[[ Source data, beginning ]]

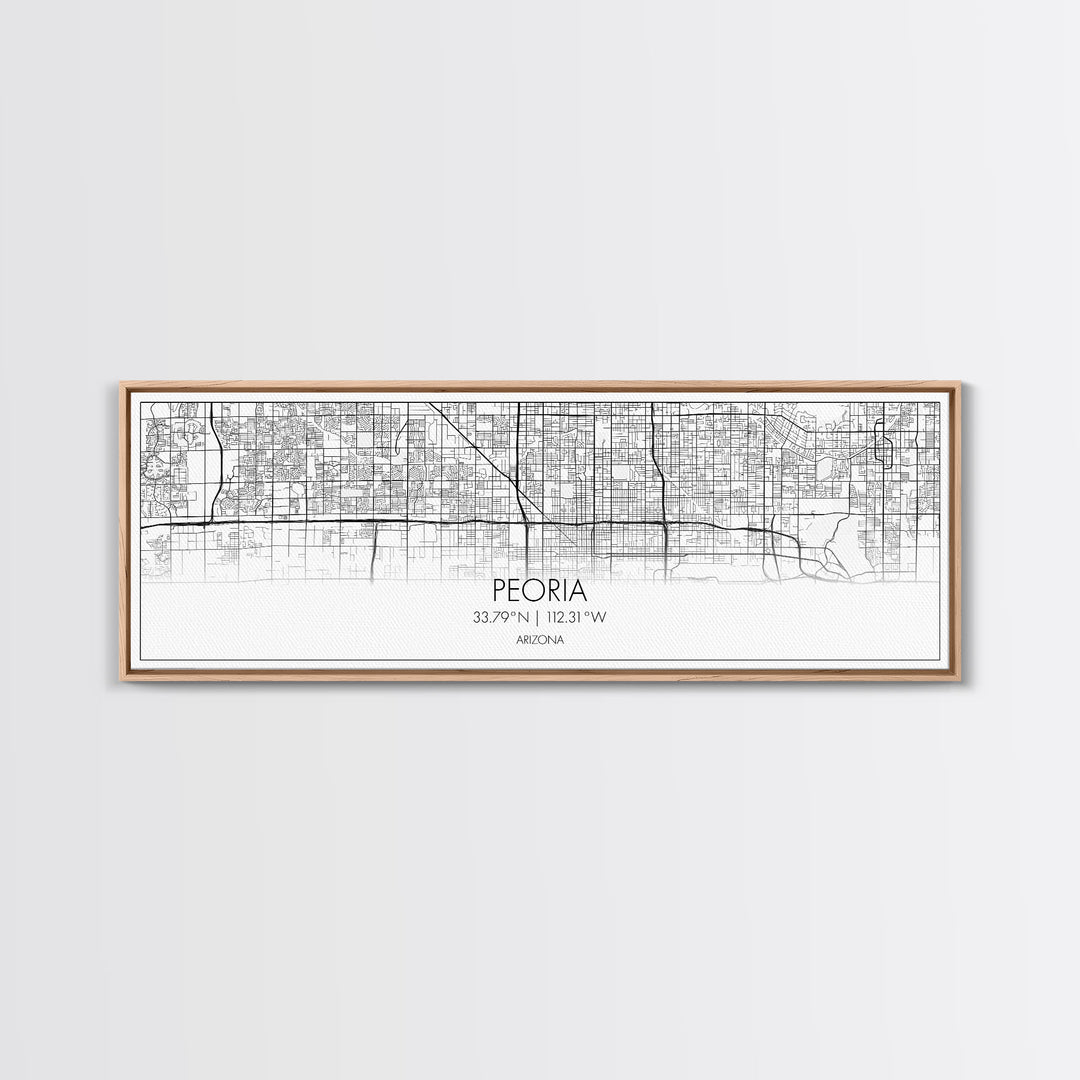 Panoramic Peoria City Map, Arizona Art, Map Print, Minimalist Wall Art, Canvas Art, Housewarming Gift, Street Map Art, Closing Gift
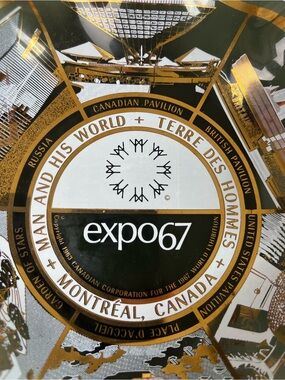 Vintage Expo 67 Montreal Ruffled Smoked Glass Bowl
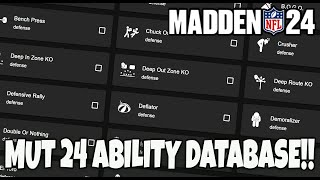 THERE'S A NEW DATABASE FOR MUT 24 ABILITIES!!| YOU CAN NOW COMPARE ABILITIES!!| MADDEN 24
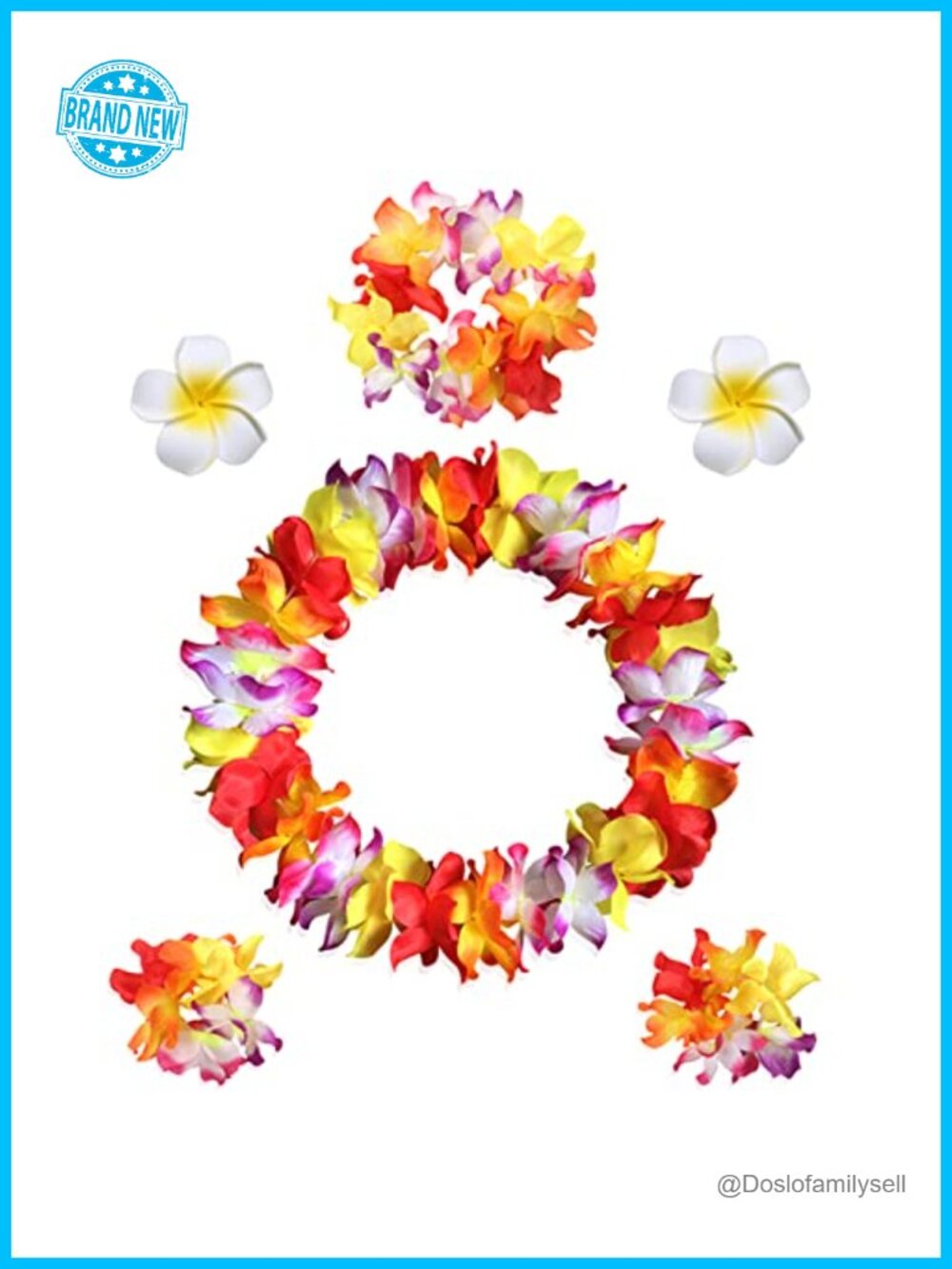 Hawaiian Leis Headband Wristbands Plumeria Hair Clips Tropical Luau Set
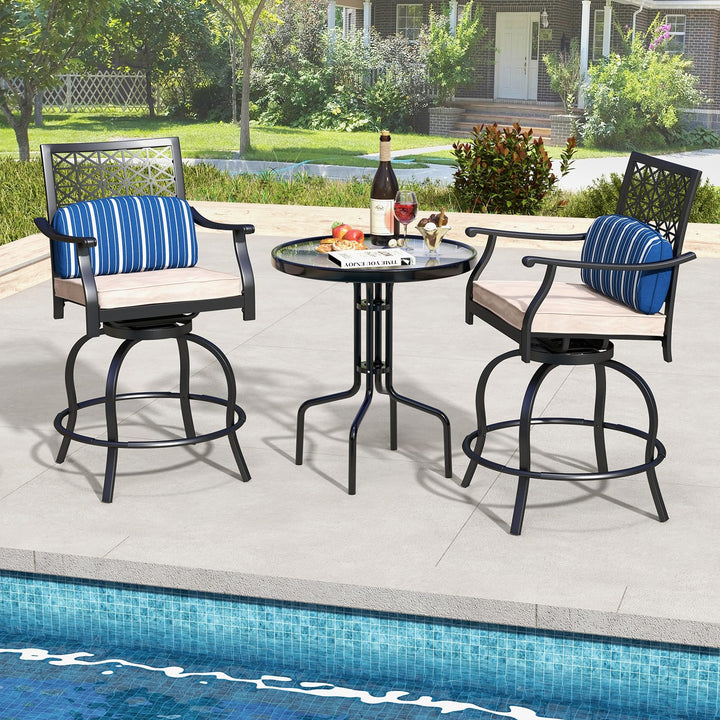 Giantex Outdoor Bar Stools, Metal Patio Bar Chairs with Cushion &amp; Lumbar Pillow
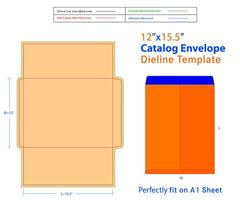 catalogar sobre w 12, l 15..5 pulgadas dieline modelo vector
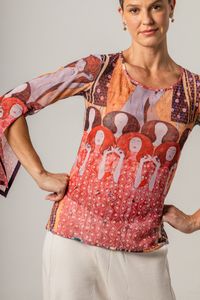 Blusa de Tule Manga Longa Klimt Beethoven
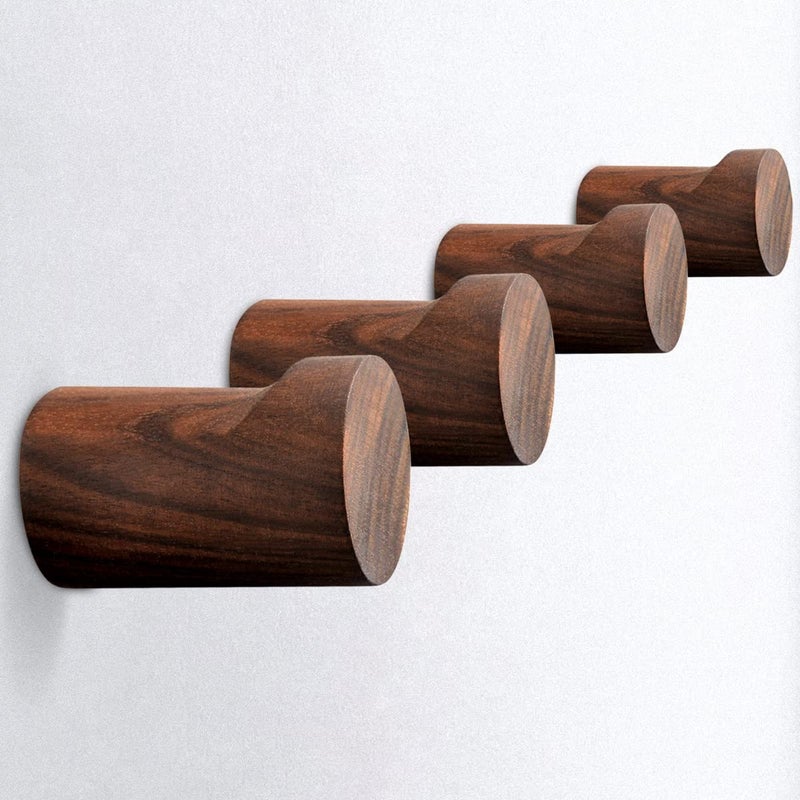 COCOYA Natural Wood Wall Hooks 4Pack Minimalist Hat Hanger Easy Install Wall Mount Wooden Peg Knob Walnut Cute Simple Modern Small Room Decor for Hanging Coat Towel Cap Bag Purses Jacket Backpack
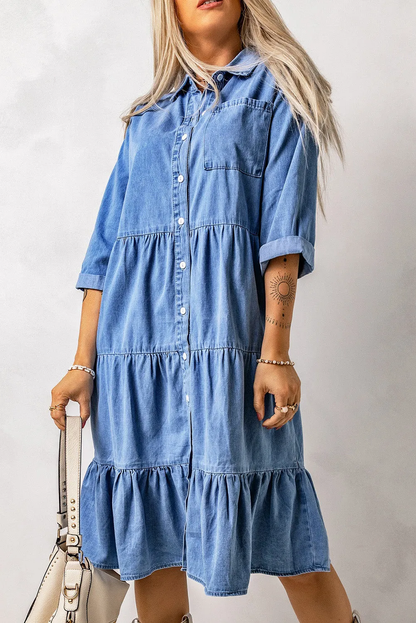 Robe-chemise en denim dégradé avec patte de boutonnage devant et volants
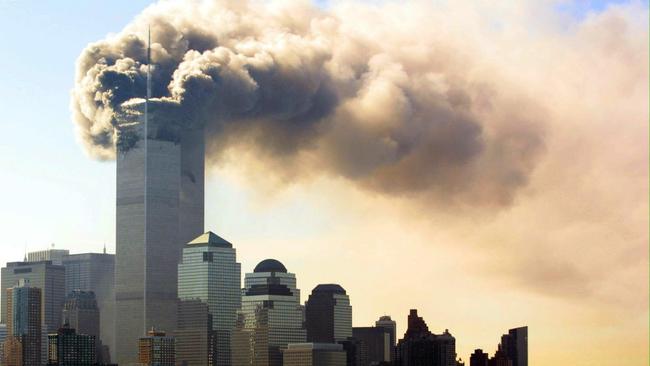 Smoke billows out of the top floors of the World Trade Center. Picture: AFP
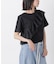 アシンメトリーフリル異素材コンビTシャツ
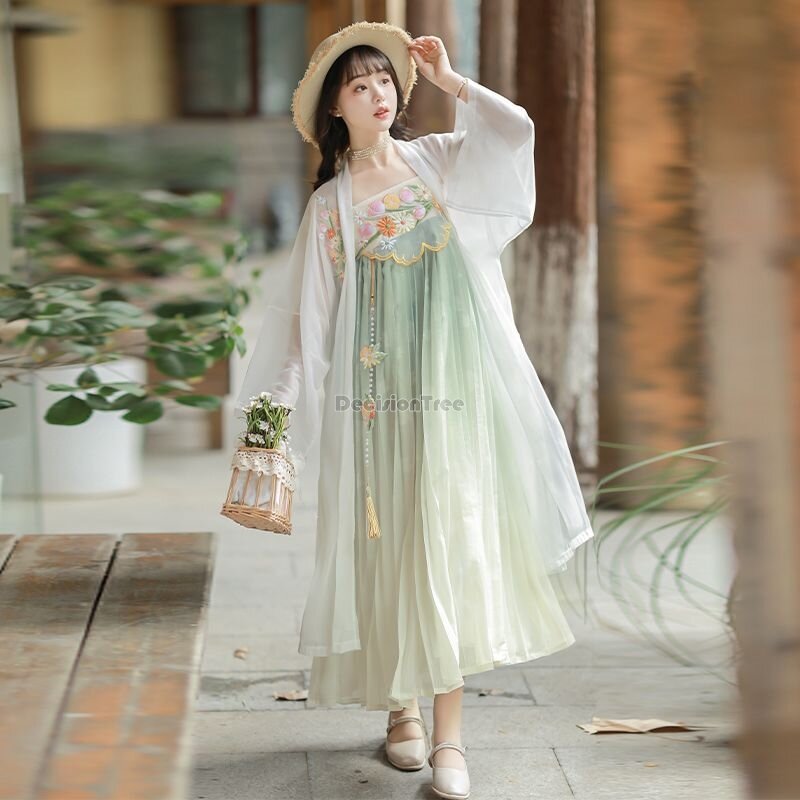 2024 китайская женская Улучшенная пряжа hanfu ruqun hanfu вышитая hanfu Повседневная Свободная весенне-летняя одежда из двух частей комплект hanfu w492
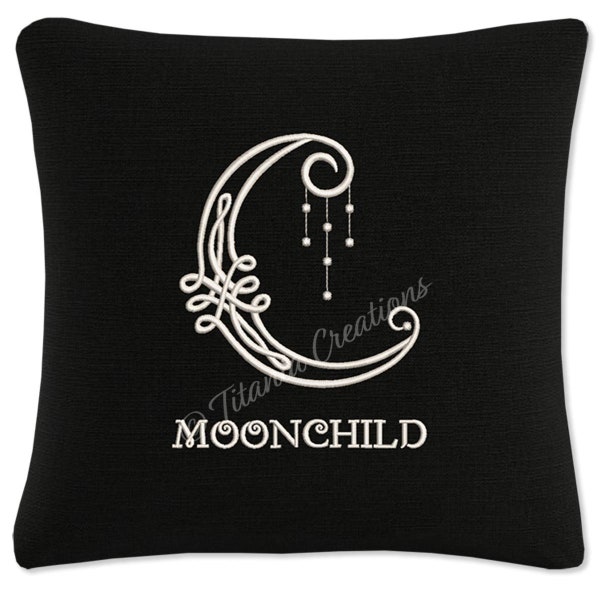 Moonchild Pagan Machine Embroidery Design For 4x4 and 5x7 Hoop Sizes. Instant Download by Titania creations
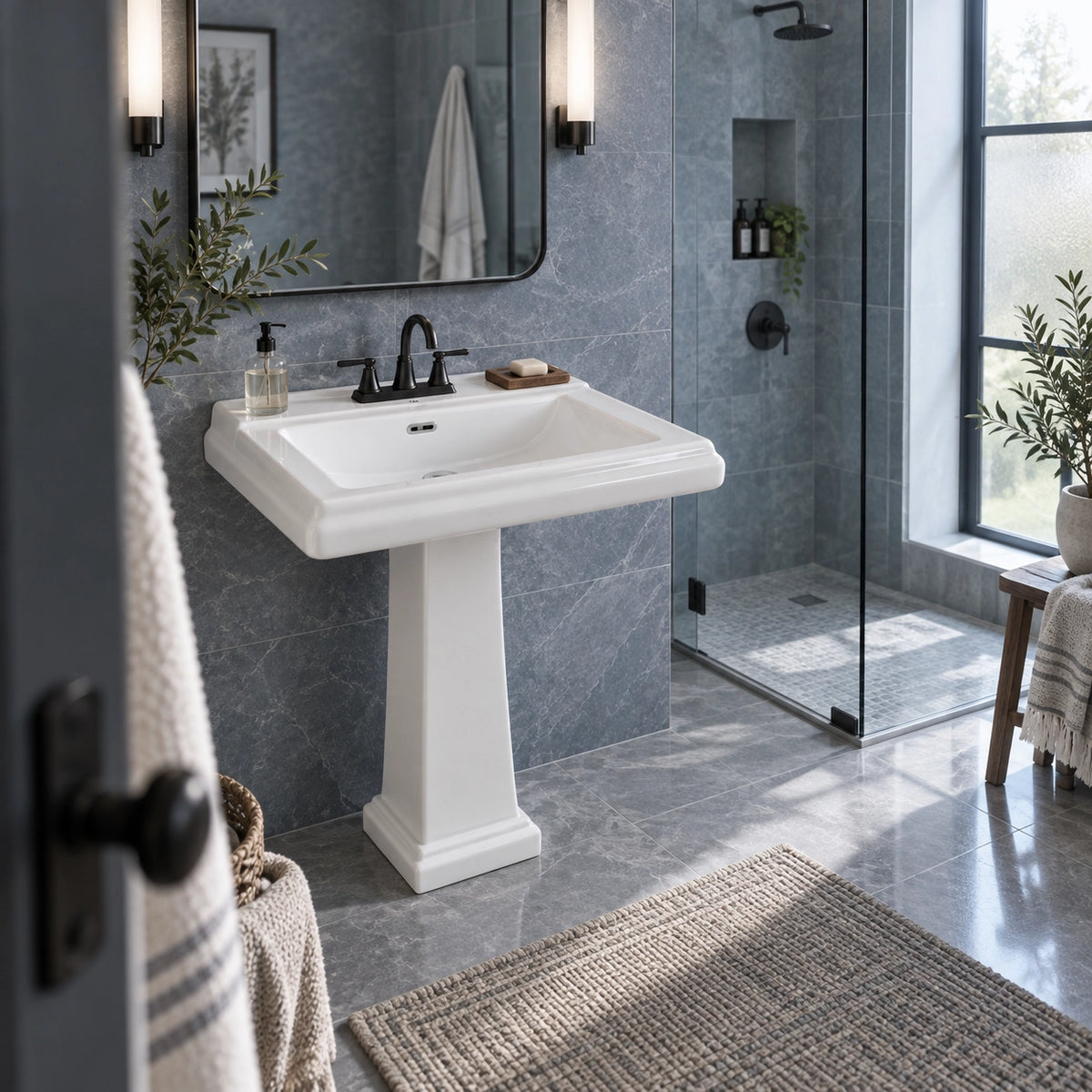 Modern bathroom interior with white ceramic pedestal sink, grey marble tiles and glass shower enclosure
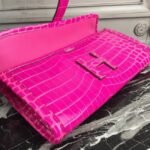 Rose Red Crocodile Leather Replica Hermes Jige Elan 29 Elegant Clutch - Image 2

[[ Source data, end ]]

Instructions for the task: Repeat exactly the lines above, from the line that contains "Hawaiian Leis Headband" down through the line that contains "Robe-chemise en denim". Include both of those lines and none of the pictures.

Result below:
 Hawaiian Leis Headband Wristbands Plumeria Hair Clips Tropical Luau Set
 Giantex Outdoor Bar Stools, Metal Patio Bar Chairs with Cushion &amp; Lumbar Pillow
 catalogar sobre w 12, l 15..5 pulgadas dieline modelo vector
 Blusa de Tule Manga Longa Klimt Beethoven
 COCOYA Natural Wood Wall Hooks 4Pack Minimalist Hat Hanger Easy Install Wall Mount Wooden Peg Knob Walnut Cute Simple Modern Small Room Decor for Hanging Coat Towel Cap Bag Purses Jacket Backpack
 Robe-chemise en denim dégradé avec patte de boutonnage devant et volants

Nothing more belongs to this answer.